Argumentative Writing (Charlotte Mason)
Free 8th grade argumentative writing (charlotte mason) worksheets. Free printable Charlotte Mason argumentative writing worksheets for 8th grade. Nine weeks of building real arguments — identifying claims, weighing evidence, engaging counterarguments honestly, tuning word choice, revising weak arguments, composing a complete essay, and learning to defend it — through living-book passages, narration, and copywork in the CM tradition.
What's Included
- 5 practice worksheets
- Full answer keys
- Common Core aligned (W.8.1, W.8.4, W.8.5)
- Print-ready PDF format
About Argumentative Writing (Charlotte Mason)
Charlotte Mason treated argument as something close to a moral practice — the discipline of being honest with your own thinking, then engaging fairly with people who see the world differently. That’s the conviction underneath this nine-week program. Your child won’t be drilled on five-paragraph templates or persuasive-essay checklists. They’ll read real arguments by writers who actually believed what they were arguing, learn to take those arguments apart in their own words, and slowly build the habits required to make their own case without lying — to themselves or to anyone else.

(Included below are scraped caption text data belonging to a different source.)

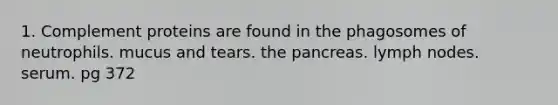 1. Complement proteins are found in the phagosomes of neutrophils. mucus and tears. the pancreas. lymph nodes. serum. pg 372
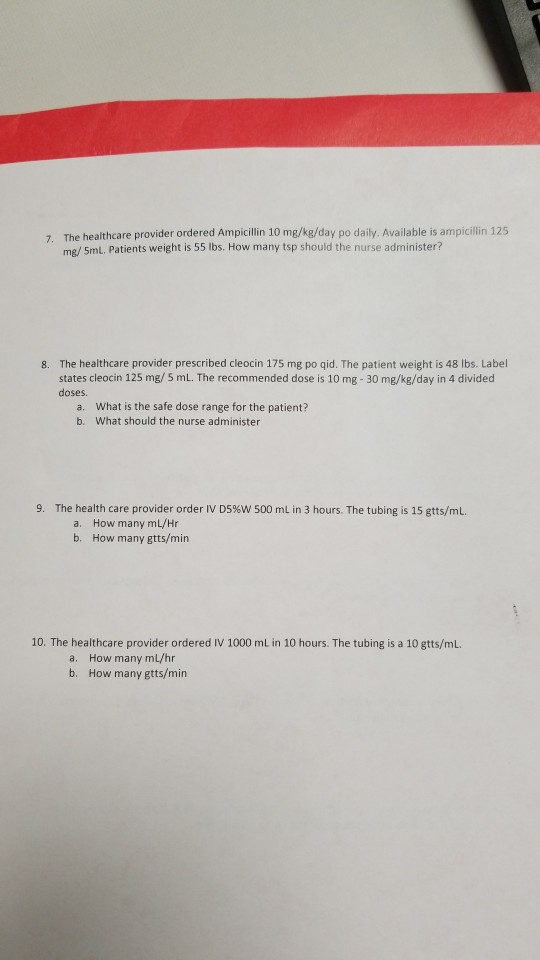 7. The healthcare provider ordered Ampicillin 10 mg/kg/day po daily. Available is ampicillin 125 me/ 5ml. Patients weight is
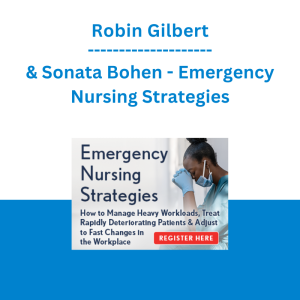 Robin Gilbert & Sonata Bohen - Emergency Nursing Strategies: How to Manage Heavy Workloads, Treat Rapidly Deteriorating Patients & Adjust to Fast Changes in the Workplace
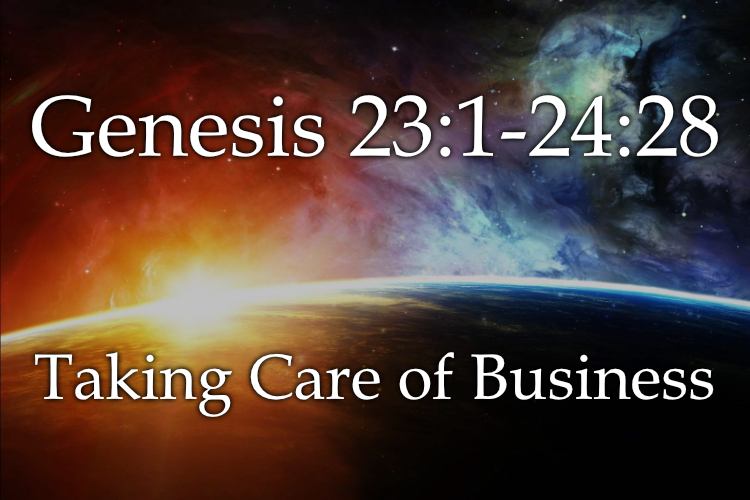 Genesis 23:1-24:28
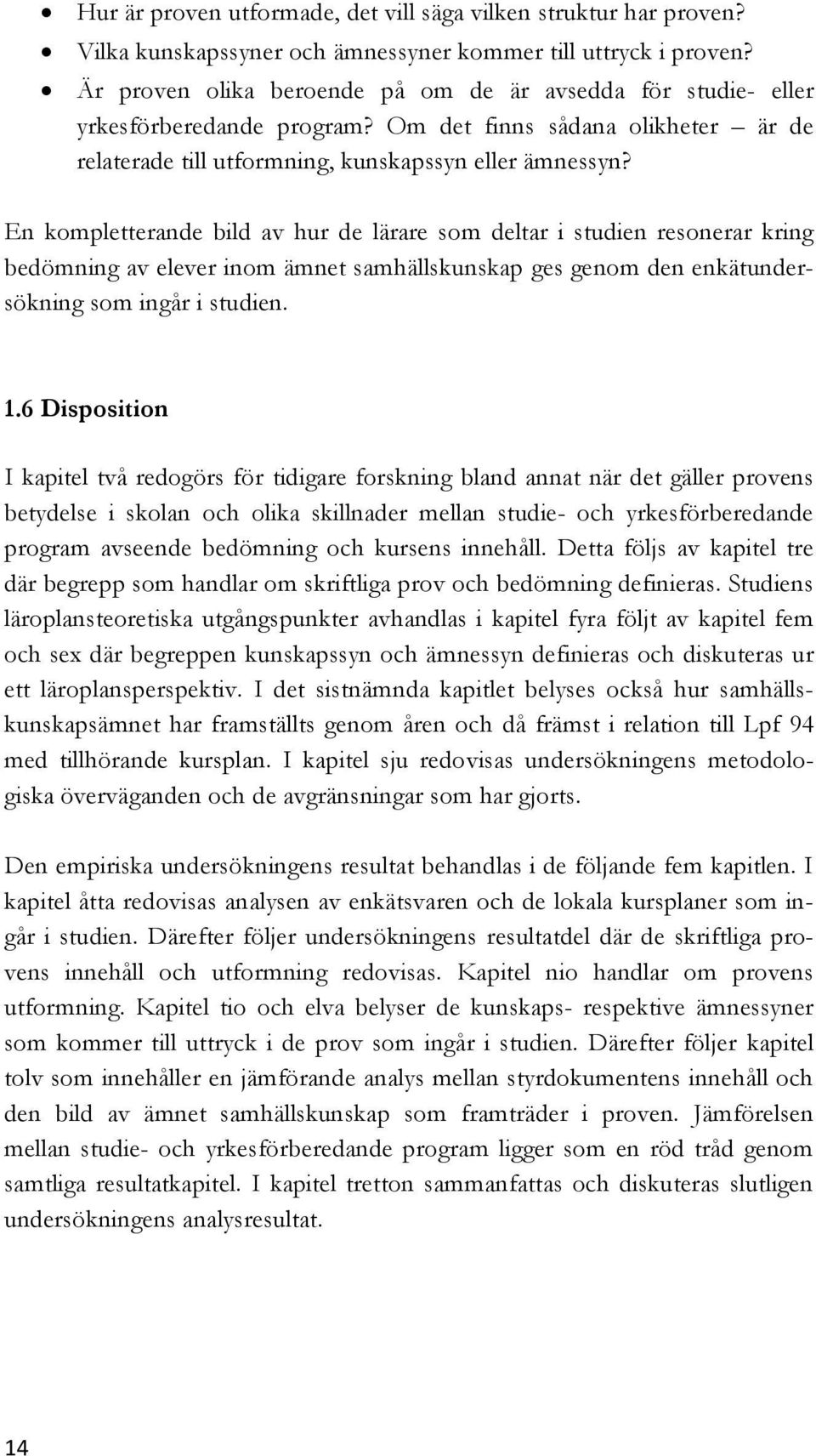 En kompletterande bild av hur de lärare som deltar i studien resonerar kring bedömning av elever inom ämnet samhällskunskap ges genom den enkätundersökning som ingår i studien. 1.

The first three weeks lay the foundation. Week 1 starts with passages on conservation and student voice in school governance, asking your child to narrate the argument — not just the facts, but the position the author takes and why. Week 2 turns to evidence: a Woodbury County, Iowa case study on local food alongside a University of Michigan study on tablets in classrooms, teaching the difference between empirical and anecdotal support. Week 3 covers what may be the most-skipped move in eighth-grade writing — reasoning, the “because” that connects evidence to claim. The Cuyahoga River fire is the centerpiece: a country that had the evidence for a hundred years before the reasoning finally arrived.
Engaging the Other Side (Weeks 4-6)
Week 4 is about counterclaims, and it asks something hard: state the opposing view in its strongest form, not the version you can easily knock down. Zoos and screen time give your child two genuinely tense debates to practice on. Week 5 examines structure — why officials in Times Square led with the pedestrian injury data, not the lawn chairs, and how Penn Station’s demolition reorganized the entire argument for historic preservation. Week 6 moves to tone and word choice through a salt marsh that “has never once sent a bill” and a parent’s letter to the school board defending the art program. Same evidence, different language, completely different effect.

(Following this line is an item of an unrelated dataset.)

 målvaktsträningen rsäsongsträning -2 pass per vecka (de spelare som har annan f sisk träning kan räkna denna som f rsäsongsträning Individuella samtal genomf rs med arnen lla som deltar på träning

Revising, Composing, Defending (Weeks 7-9)
Week 7 is honest self-assessment. The Riverside Middle School students’ petition to swap vending machines for fresh produce had genuine passion and a real cause — and three weaknesses the principal pointed out gently before sending them back to revise. Your child compares weak and strong drafts of a community garden proposal side by side and learns to spot logical fallacies, unsupported predictions, and dismissive language in their own writing.
Week 8 is composition week. “The Dignity of Work” gives your child a model essay to annotate — a real argument with a real concession — and “At the Writing Table” shows Marisol picking her topic with her mother over two mugs of tea. By the end of the week your child has drafted a complete argumentative essay of their own.

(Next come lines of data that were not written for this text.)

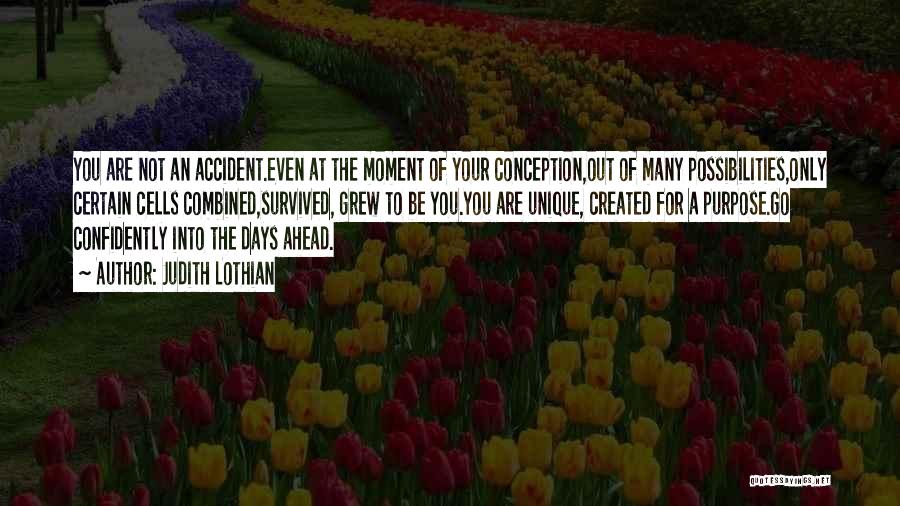 Judith Lothian Quotes: You Are Not An Accident.even At The Moment Of Your Conception,out Of Many Possibilities,only Certain Cells Combined,survived, Grew To Be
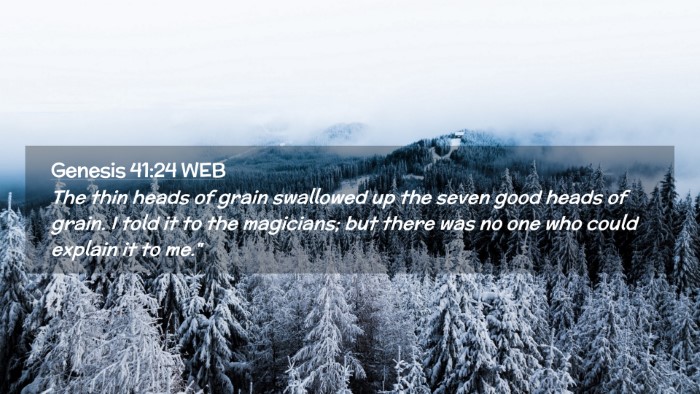 Picture 02 - Genesis 41:24 WEB Desktop Wallpaper - The thin heads of grain swallowed up the seven - Desktop Bible Verse Wallpaper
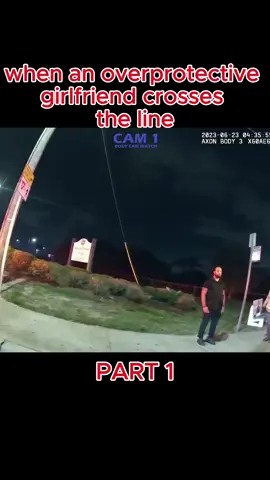 when an overprotective girlfriend crosses the line. #clips #police #viral #fyppp #funny #followback #comment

Week 9 closes the unit with polish, defense, and reflection. Barbara Tuchman’s revision method (read aloud, listen for where the breath runs out). Wendell Berry at the lectern when a sixty-year-old farmer pushed back on his argument — and what he did with the question. The capstone asks your child to defend their essay under real questioning, then reflect honestly on what nine weeks has actually built.
Every week includes narration prompts, copywork drawn from the passages, and full answer keys with teaching notes for the adult reading alongside.